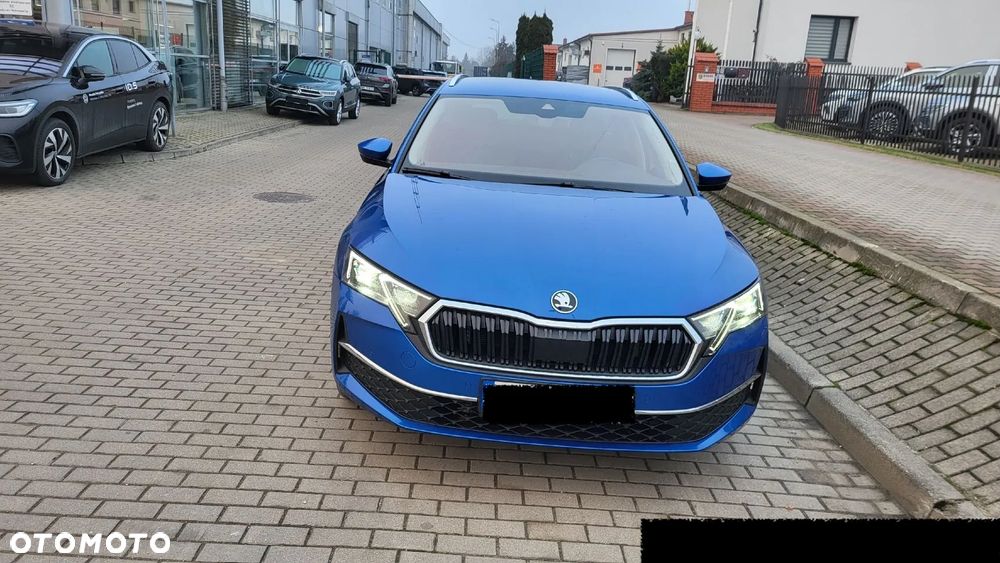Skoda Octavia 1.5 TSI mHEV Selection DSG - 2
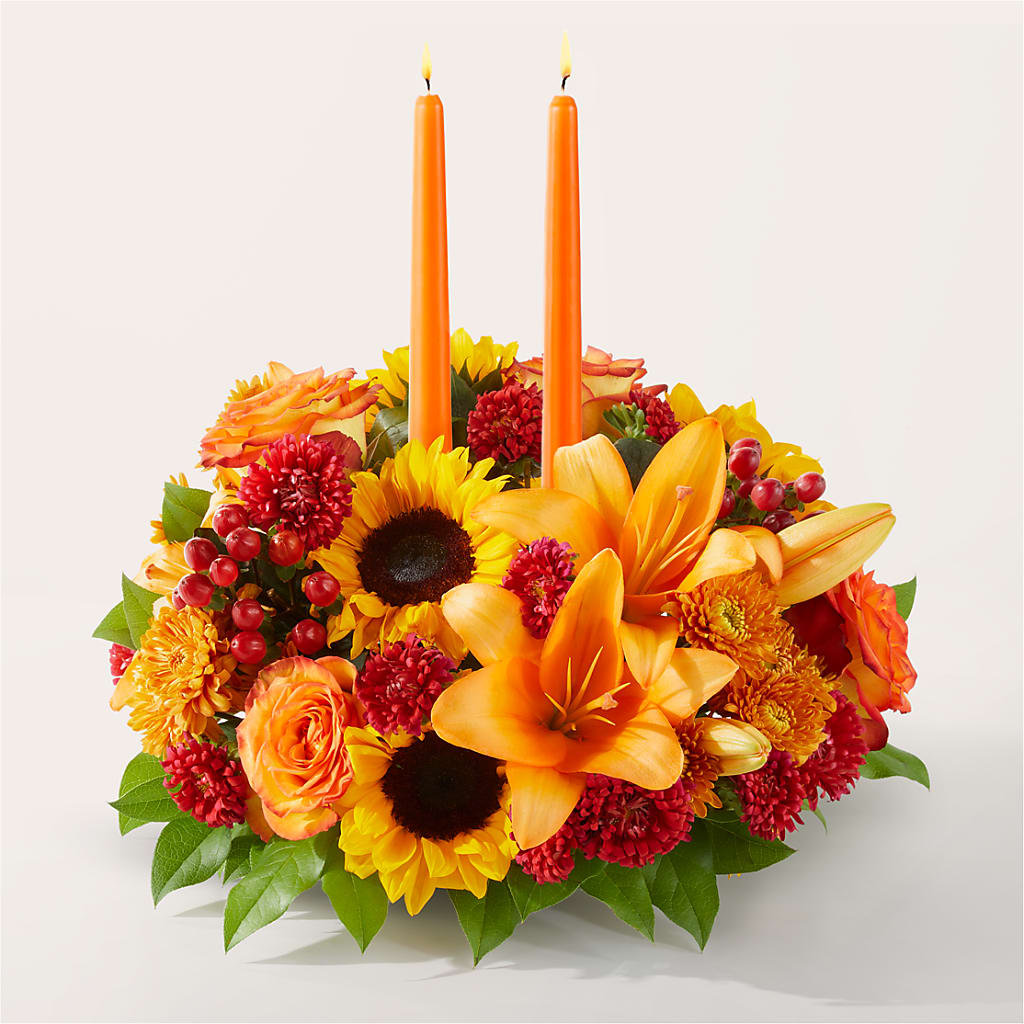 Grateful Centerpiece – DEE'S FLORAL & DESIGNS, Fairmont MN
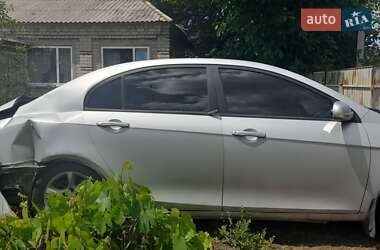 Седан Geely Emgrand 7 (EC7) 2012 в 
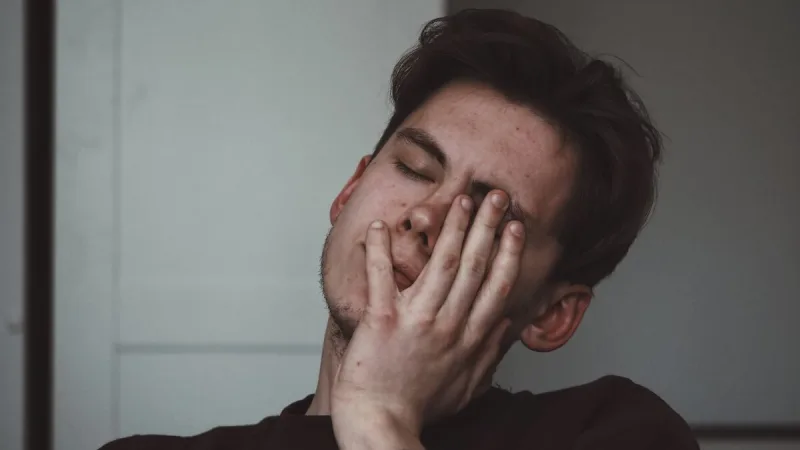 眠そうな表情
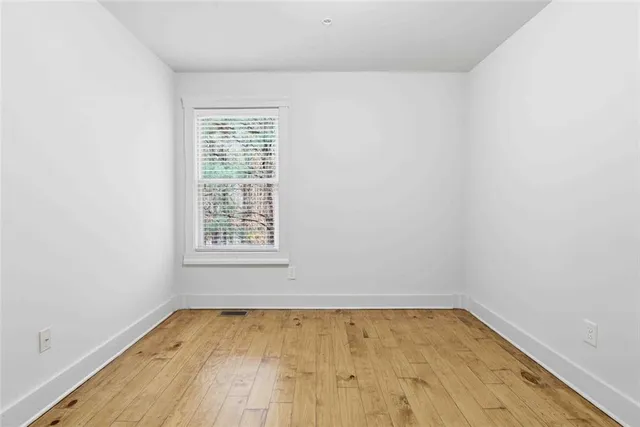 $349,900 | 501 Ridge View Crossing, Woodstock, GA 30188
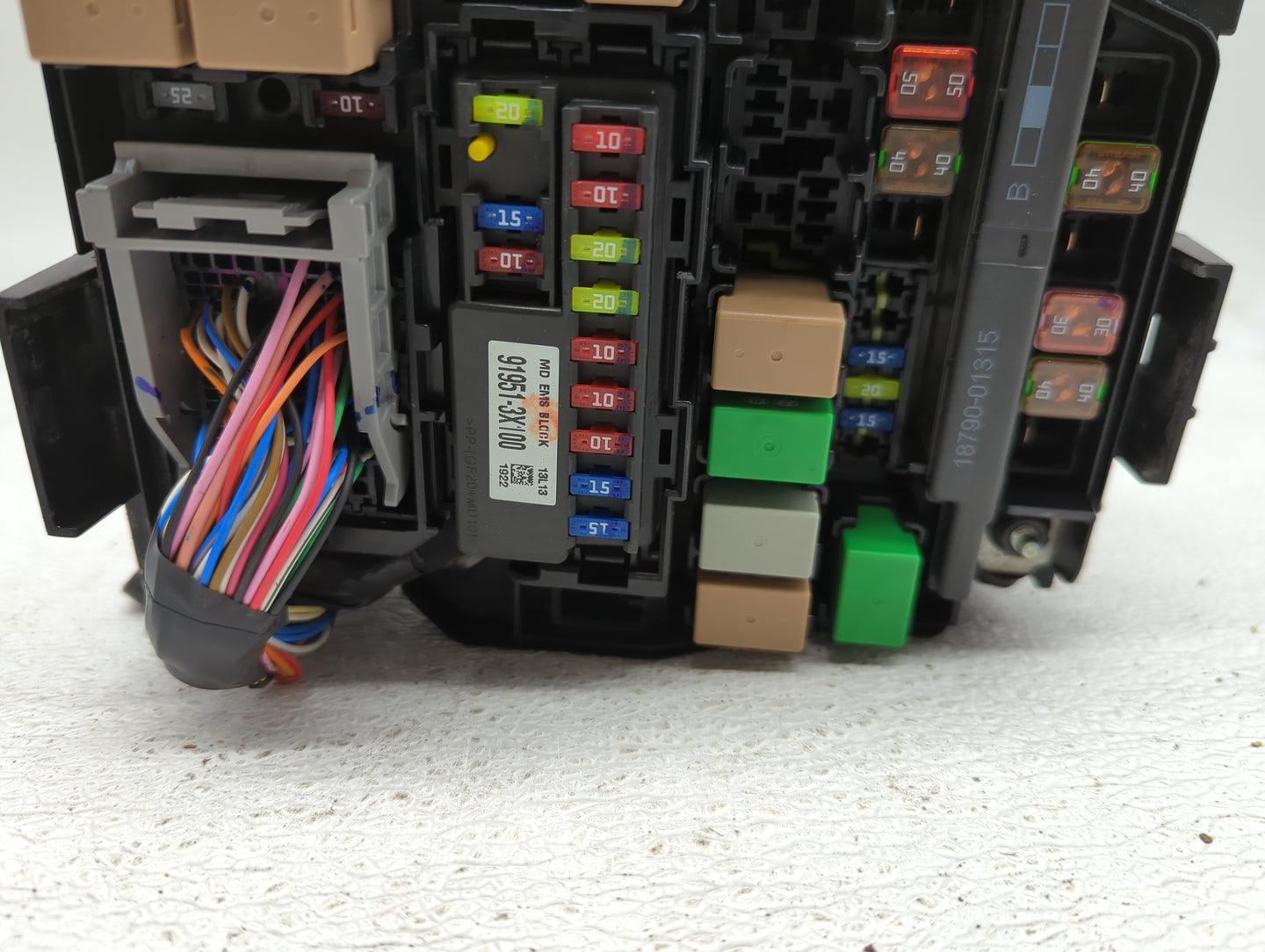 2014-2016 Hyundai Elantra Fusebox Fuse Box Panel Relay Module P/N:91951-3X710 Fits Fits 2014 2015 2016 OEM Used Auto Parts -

::::::::

## YOUR GOAL
Pictures are to be left out when the lines from the one containing "Woodstock, GA 30188" through the end of the records above are repeated exactly; no other line is wanted.

## SOLUTION TO THIS PROBLEM
 $349,900 | 501 Ridge View Crossing, Woodstock, GA 30188
 2014-2016 Hyundai Elantra Fusebox Fuse Box Panel Relay Module P/N:91951-3X710 Fits Fits 2014 2015 2016 OEM Used Auto Parts -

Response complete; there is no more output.